# [EXERCISE INSTRUCTIONS]
Below are entries. Copy exactly the lines running from the line that holds "ViskiÂ® Reserve Bruno Crystal Cocktail Glass" to the line that holds "PUMA Kids Girls", with both ends included.

# [EXTRACTED DATA]
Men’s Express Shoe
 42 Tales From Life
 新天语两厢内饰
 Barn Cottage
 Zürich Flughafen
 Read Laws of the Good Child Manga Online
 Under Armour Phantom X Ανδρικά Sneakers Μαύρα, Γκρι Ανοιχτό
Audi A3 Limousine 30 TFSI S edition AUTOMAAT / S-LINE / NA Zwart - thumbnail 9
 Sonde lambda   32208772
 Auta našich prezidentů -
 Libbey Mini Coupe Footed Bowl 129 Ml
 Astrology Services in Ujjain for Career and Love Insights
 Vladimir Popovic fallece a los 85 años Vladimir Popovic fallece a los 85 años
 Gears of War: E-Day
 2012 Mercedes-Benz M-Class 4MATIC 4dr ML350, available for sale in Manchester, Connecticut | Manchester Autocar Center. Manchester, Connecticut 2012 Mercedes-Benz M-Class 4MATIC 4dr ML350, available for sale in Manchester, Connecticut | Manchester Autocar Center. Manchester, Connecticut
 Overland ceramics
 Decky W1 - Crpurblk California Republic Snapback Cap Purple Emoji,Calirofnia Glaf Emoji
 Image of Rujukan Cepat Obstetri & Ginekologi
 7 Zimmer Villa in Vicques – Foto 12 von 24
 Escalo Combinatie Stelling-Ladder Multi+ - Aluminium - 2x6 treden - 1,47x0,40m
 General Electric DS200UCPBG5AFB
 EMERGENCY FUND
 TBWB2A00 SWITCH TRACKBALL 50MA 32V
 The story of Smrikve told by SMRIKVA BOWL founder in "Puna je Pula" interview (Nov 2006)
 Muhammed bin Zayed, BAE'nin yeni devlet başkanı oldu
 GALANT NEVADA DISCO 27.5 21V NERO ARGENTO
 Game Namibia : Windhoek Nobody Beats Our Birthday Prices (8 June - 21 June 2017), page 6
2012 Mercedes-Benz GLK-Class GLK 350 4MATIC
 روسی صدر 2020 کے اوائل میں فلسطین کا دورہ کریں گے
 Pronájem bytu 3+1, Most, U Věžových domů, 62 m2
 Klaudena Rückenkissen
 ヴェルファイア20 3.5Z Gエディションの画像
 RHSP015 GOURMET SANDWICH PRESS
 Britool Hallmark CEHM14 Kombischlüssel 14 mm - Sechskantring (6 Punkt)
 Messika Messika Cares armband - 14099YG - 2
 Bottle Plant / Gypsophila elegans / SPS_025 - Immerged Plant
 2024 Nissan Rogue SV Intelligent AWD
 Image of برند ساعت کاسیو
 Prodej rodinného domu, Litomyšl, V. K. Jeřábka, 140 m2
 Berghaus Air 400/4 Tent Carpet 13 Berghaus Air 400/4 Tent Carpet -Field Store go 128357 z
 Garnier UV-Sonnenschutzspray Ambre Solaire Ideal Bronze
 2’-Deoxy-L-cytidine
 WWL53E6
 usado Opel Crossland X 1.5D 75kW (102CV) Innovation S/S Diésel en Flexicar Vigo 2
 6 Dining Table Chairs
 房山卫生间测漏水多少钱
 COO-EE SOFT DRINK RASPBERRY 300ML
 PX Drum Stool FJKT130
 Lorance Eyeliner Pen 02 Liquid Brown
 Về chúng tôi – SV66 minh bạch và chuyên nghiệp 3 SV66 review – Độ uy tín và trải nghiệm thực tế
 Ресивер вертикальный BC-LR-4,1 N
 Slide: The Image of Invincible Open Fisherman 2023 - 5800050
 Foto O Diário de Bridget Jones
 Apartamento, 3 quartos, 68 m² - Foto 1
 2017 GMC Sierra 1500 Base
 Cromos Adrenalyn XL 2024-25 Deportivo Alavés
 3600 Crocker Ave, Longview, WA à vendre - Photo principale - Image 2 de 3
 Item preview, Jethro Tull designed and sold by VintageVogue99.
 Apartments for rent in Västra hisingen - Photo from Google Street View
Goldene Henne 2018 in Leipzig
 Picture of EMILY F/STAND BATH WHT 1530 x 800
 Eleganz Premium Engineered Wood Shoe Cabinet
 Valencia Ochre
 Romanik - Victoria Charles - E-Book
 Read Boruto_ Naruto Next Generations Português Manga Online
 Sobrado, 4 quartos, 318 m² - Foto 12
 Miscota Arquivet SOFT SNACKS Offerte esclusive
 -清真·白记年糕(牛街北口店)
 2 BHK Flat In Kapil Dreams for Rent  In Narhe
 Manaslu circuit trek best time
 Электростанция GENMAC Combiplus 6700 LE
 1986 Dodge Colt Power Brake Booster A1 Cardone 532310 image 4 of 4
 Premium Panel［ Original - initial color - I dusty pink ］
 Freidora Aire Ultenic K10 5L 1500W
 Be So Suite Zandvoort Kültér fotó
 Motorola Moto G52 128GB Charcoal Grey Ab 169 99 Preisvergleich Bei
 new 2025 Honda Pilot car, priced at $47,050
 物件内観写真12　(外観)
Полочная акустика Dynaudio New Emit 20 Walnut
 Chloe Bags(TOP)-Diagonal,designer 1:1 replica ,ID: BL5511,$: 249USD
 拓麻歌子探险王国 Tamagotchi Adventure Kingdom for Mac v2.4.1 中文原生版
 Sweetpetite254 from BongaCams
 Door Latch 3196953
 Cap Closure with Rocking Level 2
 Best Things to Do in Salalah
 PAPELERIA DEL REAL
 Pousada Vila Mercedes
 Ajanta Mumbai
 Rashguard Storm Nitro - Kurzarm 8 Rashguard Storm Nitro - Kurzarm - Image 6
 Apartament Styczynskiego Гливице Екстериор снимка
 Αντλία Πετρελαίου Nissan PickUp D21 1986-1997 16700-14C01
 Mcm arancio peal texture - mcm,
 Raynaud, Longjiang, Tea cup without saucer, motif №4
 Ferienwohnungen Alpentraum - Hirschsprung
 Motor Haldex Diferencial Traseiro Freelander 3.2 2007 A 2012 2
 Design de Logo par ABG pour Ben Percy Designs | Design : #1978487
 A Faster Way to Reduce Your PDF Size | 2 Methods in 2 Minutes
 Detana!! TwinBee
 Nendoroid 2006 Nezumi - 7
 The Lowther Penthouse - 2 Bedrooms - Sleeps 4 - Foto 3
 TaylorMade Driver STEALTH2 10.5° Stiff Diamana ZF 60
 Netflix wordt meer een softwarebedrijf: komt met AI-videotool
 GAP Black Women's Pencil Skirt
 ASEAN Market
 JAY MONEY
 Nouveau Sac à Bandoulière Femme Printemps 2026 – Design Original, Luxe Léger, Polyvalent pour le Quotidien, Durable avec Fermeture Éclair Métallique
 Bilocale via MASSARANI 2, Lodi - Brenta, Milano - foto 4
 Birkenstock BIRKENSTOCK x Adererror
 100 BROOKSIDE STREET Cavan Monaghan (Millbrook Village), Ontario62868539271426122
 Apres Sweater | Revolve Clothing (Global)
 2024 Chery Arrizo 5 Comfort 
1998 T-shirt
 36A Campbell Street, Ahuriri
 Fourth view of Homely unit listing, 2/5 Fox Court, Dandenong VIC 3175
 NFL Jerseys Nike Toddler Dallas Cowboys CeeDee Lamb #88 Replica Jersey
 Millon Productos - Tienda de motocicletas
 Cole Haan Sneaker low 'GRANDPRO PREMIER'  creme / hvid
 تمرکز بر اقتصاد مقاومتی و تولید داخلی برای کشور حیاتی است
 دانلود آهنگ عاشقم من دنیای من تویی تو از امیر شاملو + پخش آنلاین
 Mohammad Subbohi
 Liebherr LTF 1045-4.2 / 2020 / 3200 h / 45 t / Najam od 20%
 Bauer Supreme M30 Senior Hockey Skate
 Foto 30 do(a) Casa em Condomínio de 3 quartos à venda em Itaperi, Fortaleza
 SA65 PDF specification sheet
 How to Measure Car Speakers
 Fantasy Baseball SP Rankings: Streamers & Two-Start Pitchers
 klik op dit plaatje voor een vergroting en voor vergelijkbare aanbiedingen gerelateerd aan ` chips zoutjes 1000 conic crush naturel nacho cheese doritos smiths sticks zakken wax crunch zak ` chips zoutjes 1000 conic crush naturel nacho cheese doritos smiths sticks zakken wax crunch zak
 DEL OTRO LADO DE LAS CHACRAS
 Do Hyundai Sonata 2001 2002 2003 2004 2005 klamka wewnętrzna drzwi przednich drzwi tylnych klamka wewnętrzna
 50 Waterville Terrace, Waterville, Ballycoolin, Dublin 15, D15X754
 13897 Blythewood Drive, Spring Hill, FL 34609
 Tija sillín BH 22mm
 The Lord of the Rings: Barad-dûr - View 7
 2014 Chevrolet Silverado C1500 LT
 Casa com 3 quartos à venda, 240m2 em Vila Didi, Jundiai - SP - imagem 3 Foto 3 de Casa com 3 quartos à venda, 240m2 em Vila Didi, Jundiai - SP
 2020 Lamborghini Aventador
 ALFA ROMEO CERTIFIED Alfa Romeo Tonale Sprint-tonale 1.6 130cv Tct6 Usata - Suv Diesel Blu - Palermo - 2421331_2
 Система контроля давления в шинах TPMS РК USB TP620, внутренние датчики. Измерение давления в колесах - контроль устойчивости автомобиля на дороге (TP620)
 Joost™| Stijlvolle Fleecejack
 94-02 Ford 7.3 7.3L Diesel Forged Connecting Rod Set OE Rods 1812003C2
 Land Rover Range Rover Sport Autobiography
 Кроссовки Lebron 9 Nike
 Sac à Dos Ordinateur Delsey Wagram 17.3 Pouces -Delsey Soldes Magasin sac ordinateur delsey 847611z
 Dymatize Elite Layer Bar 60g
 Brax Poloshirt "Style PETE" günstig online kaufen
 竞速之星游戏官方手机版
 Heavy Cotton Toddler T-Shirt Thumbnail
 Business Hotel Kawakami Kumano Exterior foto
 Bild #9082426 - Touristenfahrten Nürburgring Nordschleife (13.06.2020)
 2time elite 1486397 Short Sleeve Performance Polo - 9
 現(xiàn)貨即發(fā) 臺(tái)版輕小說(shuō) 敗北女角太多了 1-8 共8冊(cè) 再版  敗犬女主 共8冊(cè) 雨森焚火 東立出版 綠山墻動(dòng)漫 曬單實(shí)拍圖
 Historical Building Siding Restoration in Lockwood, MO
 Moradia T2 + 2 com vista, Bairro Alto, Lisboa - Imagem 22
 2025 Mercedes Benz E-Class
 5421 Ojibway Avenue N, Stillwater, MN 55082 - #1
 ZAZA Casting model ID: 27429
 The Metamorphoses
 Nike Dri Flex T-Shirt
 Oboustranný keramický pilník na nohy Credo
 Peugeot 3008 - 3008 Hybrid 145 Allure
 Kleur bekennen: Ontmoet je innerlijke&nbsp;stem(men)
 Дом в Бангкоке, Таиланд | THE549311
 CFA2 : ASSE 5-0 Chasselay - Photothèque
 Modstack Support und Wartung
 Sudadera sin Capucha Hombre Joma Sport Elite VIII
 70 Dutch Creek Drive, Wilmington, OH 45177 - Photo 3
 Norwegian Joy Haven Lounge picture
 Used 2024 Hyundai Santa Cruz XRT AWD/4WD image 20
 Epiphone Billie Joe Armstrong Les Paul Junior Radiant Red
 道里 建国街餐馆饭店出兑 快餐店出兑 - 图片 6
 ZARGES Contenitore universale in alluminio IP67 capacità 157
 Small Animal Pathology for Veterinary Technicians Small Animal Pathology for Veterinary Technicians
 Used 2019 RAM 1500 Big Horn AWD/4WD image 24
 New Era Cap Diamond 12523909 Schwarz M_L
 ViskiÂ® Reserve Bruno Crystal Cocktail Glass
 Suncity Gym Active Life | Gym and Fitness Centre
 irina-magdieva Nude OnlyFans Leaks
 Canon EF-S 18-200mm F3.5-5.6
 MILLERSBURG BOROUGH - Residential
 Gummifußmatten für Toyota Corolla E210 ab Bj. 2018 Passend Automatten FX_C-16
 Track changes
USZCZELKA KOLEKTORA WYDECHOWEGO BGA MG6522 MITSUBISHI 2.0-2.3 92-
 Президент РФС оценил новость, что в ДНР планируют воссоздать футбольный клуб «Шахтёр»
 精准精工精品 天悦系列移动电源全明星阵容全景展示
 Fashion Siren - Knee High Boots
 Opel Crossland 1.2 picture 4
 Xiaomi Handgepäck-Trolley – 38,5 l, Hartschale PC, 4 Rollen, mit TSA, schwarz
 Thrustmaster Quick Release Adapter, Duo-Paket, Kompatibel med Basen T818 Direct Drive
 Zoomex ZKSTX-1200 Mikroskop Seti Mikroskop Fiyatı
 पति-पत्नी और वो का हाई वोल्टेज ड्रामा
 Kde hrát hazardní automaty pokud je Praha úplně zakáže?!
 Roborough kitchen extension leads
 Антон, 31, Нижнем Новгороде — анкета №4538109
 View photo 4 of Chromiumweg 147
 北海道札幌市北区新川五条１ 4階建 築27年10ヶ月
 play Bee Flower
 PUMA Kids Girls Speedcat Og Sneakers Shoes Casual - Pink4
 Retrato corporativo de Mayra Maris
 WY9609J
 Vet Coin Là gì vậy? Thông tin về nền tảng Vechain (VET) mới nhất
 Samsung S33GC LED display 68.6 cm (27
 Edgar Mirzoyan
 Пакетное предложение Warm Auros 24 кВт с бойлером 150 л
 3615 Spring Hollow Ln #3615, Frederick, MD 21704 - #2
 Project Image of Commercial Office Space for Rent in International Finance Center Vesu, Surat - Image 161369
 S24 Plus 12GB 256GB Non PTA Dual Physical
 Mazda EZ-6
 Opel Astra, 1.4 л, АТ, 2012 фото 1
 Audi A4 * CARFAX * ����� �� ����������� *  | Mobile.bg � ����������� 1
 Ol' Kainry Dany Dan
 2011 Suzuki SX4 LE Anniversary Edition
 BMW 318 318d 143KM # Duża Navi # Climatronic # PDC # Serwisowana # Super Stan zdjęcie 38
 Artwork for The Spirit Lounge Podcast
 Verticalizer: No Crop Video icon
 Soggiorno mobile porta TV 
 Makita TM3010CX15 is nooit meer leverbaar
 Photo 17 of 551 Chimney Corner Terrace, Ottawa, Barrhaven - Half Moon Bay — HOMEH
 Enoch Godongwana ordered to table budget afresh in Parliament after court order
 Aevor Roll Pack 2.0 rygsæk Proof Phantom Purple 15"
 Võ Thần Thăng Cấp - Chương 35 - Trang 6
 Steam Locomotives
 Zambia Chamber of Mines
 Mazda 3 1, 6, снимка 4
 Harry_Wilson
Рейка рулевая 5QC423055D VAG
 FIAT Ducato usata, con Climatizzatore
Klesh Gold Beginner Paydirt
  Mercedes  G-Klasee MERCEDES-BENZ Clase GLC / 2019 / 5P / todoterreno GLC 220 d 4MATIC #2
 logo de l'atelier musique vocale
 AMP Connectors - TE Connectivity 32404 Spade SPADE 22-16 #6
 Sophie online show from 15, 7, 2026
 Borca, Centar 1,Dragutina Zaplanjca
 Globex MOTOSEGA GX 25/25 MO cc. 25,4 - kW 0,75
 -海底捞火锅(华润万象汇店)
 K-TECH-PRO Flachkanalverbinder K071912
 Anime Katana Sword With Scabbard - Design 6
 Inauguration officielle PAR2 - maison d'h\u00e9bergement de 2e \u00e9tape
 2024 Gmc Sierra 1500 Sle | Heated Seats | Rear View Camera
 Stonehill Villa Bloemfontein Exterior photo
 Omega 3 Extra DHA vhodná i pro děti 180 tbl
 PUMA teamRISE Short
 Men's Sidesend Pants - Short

# [EXERCISE ANSWER]
 ViskiÂ® Reserve Bruno Crystal Cocktail Glass
 Suncity Gym Active Life | Gym and Fitness Centre
 irina-magdieva Nude OnlyFans Leaks
 Canon EF-S 18-200mm F3.5-5.6
 MILLERSBURG BOROUGH - Residential
 Gummifußmatten für Toyota Corolla E210 ab Bj. 2018 Passend Automatten FX_C-16
 Track changes
USZCZELKA KOLEKTORA WYDECHOWEGO BGA MG6522 MITSUBISHI 2.0-2.3 92-
 Президент РФС оценил новость, что в ДНР планируют воссоздать футбольный клуб «Шахтёр»
 精准精工精品 天悦系列移动电源全明星阵容全景展示
 Fashion Siren - Knee High Boots
 Opel Crossland 1.2 picture 4
 Xiaomi Handgepäck-Trolley – 38,5 l, Hartschale PC, 4 Rollen, mit TSA, schwarz
 Thrustmaster Quick Release Adapter, Duo-Paket, Kompatibel med Basen T818 Direct Drive
 Zoomex ZKSTX-1200 Mikroskop Seti Mikroskop Fiyatı
 पति-पत्नी और वो का हाई वोल्टेज ड्रामा
 Kde hrát hazardní automaty pokud je Praha úplně zakáže?!
 Roborough kitchen extension leads
 Антон, 31, Нижнем Новгороде — анкета №4538109
 View photo 4 of Chromiumweg 147
 北海道札幌市北区新川五条１ 4階建 築27年10ヶ月
 play Bee Flower
 PUMA Kids Girls Speedcat Og Sneakers Shoes Casual - Pink4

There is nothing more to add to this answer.